For over a week television viewers and newspaper readers in New Zealand -and even some overseas- were fed constant updates about Aisling Symes, the two year old girl who went missing from her West Auckland home on October 5th. Any missing person case can be assisted by the media telling viewers/readers to keep their eyes open, but when does the media cross the line from public service, into exploiting tragedy and inciting moral panic? Possibly it was when media like Sky News reported there was “speculation she had been abducted” after all, a possible child abduction is a much bigger news story than an awful accident (later found to be the most probable cause of death). Even earlier than that however the UK based Sunday Times, echoing local media, carried this tidbit of information;
New Zealand police are now treating Aisling’s disappearance as an abduction and have appealed for an Asian woman, who was seen walking her dog near the house at the time the toddler went missing, to come forward. However...the woman has not been identified.

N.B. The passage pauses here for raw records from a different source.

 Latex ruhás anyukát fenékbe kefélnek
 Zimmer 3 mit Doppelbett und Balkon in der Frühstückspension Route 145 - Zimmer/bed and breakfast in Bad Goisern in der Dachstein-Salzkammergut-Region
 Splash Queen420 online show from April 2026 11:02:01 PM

It didn’t take long for statements like that to induce an implicitly racist moral panic; “Asians do love little kids,” wrote one poster on the Real Women forums, “when my daughter was living overseas in an Asian country I did notice that they seemed to have a great fascination with small European children”. Last Friday, an Auckland City Council parks officer followed a woman and her daughter around the Domain concerned that the little girl was Aisling. He told The New Zealand Herald “she was Asian with long dark hair and the girl was European.” Police responded to so many incidents like this they actually warned the public not to persecute “Asian women walking down the road”!

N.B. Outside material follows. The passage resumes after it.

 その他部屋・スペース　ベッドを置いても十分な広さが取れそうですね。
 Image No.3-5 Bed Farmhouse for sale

No doubt the most appalling part of the media circus was when television psychic Deb Webber got involved. First, TVNZ -the country’s public broadcaster- invited her to appear on morning news programme Breakfast then later that day at a press conference, TVNZ reporter Amy Kelley told police that Ms Webber had given them information about what had happened to the toddler, and demanded to know what they planned to do about it! TVNZ then approached a friend of Aisling’s family to suggest that they have a meeting the self described “metaphysical researcher”. Could it be that TVNZ staff have a strong faith in the paranormal? More likely they are exploiting a tragedy to promote an up coming tour by the star of Sensing Murder, which airs on the same network.